RÜCKBLICK

KAT_A_6, 2020

ISA GENZKEN & WOLFGANG TILLMANS

Die sechste KAT_A-Ausstellung widmet sich zwei international vielfach ausgezeichneten deutschen Künstlern aus zwei Generationen: Isa Genzken (geboren 1948) und Wolfgang Tillmans (geboren 1968). Sie kennen einander gut, haben zusammengearbeitet und den jeweils anderen in eigenen Arbeiten dargestellt. So werden die Arbeiten ‘Isa Mona Lisa’ und ‘Isa vor Sound Factory’ von Tillmans gezeigt, die Isa Genzken portraitieren, während in der Skulptur ‘Untitled (Slot Machine)’ von Isa Genzken ein Portrait Tillmans’ integriert ist. Diese gegenseitige Bezugnahme und die Wertschätzung der beiden Künstler füreinander bildet in der Ausstellung einen Schwerpunkt. Zugleich werden die künstlerischen Gemeinsamkeiten sichtbar, denn beide Künstler arbeiten konzeptuell und systematisch.

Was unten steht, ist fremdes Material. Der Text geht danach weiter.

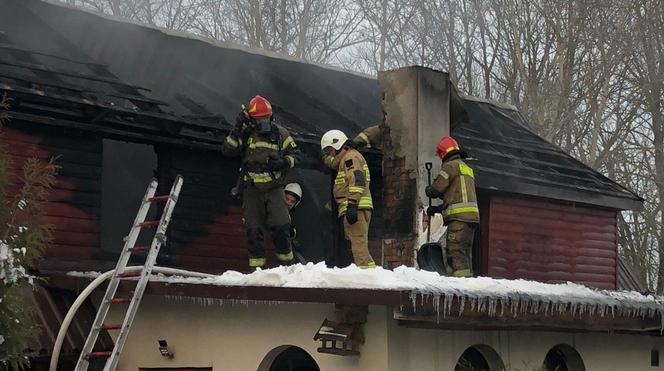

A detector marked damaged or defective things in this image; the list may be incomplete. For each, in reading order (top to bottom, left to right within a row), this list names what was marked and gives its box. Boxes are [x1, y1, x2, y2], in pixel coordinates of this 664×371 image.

burned roof [1, 0, 644, 212]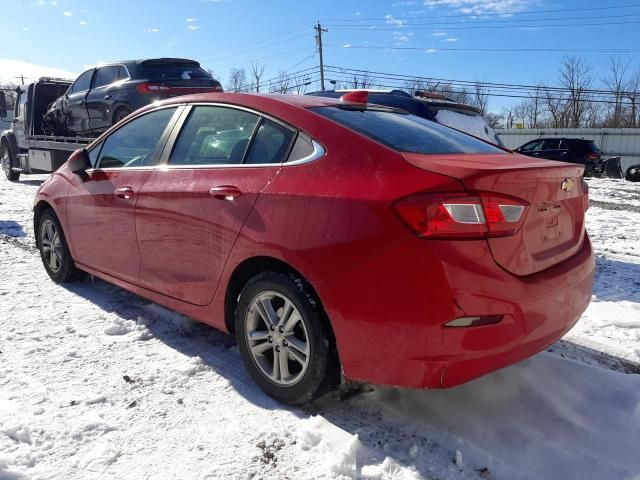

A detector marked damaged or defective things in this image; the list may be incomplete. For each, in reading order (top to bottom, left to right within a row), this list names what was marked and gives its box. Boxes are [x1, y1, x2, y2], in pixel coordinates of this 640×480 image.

damaged vehicle [42, 58, 222, 137]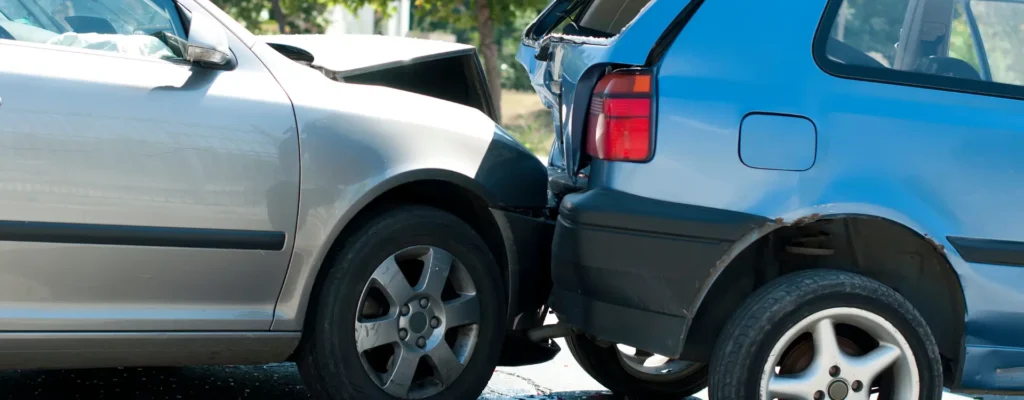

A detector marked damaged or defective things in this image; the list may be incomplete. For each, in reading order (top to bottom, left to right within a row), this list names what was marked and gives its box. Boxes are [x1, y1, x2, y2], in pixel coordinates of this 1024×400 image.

damaged hood [260, 34, 476, 79]
broken tail light [584, 69, 656, 162]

Isa Genzken setzt sich mit künstlerischen, psychologischen und sozialpolitischen Themen auseinander, wobei ihr Umgang mit der Bildhauerei analytisch wie unkonventionell ist. So ist ihre Formensprache einerseits aus einer konstruktiven bildhauerischen Tradition verständlich und enthält andererseits deutliche Referenzen auf die soziale und gesellschaftliche Umwelt. In ihren Säulen erforscht Isa Genzken z.B. das Geheimnis von Innen und Außen, Oberfläche und Tiefe. Die Proportionen sind extrem: größer als der Durchschnittsmensch, aber grazil genug, um ein monumentales Erdrücken zu vermeiden. Das Verhältnis von Höhe und Breite lässt unweigerlich an Wolkenkratzer denken, wie sie für Genzken seit ihrem Aufenthalt in New York eine immer größere Rolle spielen. Unter Verwendung oftmals einfachster Materialien wirken ihre Arbeiten schrill und laut und stellen die (klassische) Bildhauerei infrage. Ihre Installationen und Skulpturen verweisen auf soziale und gesellschaftliche Widersprüche, menschliches Scheitern und Katastrophen – provokativ, zuweilen humorvoll und immer mit dem Ziel, sich auf ungesichertes Terrain zu wagen und normative Sehgewohnheiten zu (zer)stören. Mit ihrem Werk und ihrer kritischen Position nimmt sie eine führende Rolle im internationalen Diskurs zur Bildhauerei ein. 2007 gestaltete sie den Deutschen Pavillon auf der Biennale in Venedig und 2013 widmete ihr das Museum of Modern Art eine umfassende Retrospektive. 2017 wurde ihr mit dem Goslaer Kaiserring schließlich einer der bedeutendsten Preise für moderne Kunst verliehen.

Bei Tillmans trifft die Fotografie als Medium der gesellschaftlichen Realität zunehmend in den Hintergrund. Waren es in seinen frühen, geradezu ikonischen Arbeiten Versammlungen und Treffen in Clubs, auf Partys sowie Portraits einzelner Personen, rückte später verstärkt die Spannung zwischen Kontrolle und Zufall, Intention und befreienden Unwägbarkeiten des fotografischen Mediums in den Fokus. Motivgruppen wie ‘Faltenwurf’, ‘Stillleben’, ‘Freischwimmer’, ‘Drops’ oder ‘Silver’ verweisen auf die Autonomie fotografischer Darstellung. Diese in der Ausstellung zum Teil nach Vorgabe des Künstlers gehängten Werkgruppen geben einen Überblick über sein Schaffen und spiegeln die darin konkurrierenden Themenschwerpunkte wider: die Interaktionen von Menschen in all ihren Facetten und die Erforschung der chemischen Grundlage der Fotografie. Für sein künstlerisches Werk wurde er vielfach international ausgezeichnet: Im Jahr 2000 gewann Tillmans als erster Künstler außerhalb Britanniens den Turner Preis. 2016 wurde ihm der Hasselblad Award verliehen und 2018 der Goslarer Kaiserring. Zudem verknüpft Tillmans seine künstlerische Arbeit mit politischem Engagement. Im Jahre 2016 engagierte er sich in seiner zweiten Heimat Großbritannien mit einer groß angelegten Anti Brexit-Kampagne und zur Bundestagswahl 2017 entwickelte er Plakate für eine höhere Wahlbeteiligung und gegen Rechtsnationalismus. Zudem hat er das soziale Projekt ‘Between Bridges’ ins Leben gerufen, mit dem er in Not geratenen Künstlern hilft.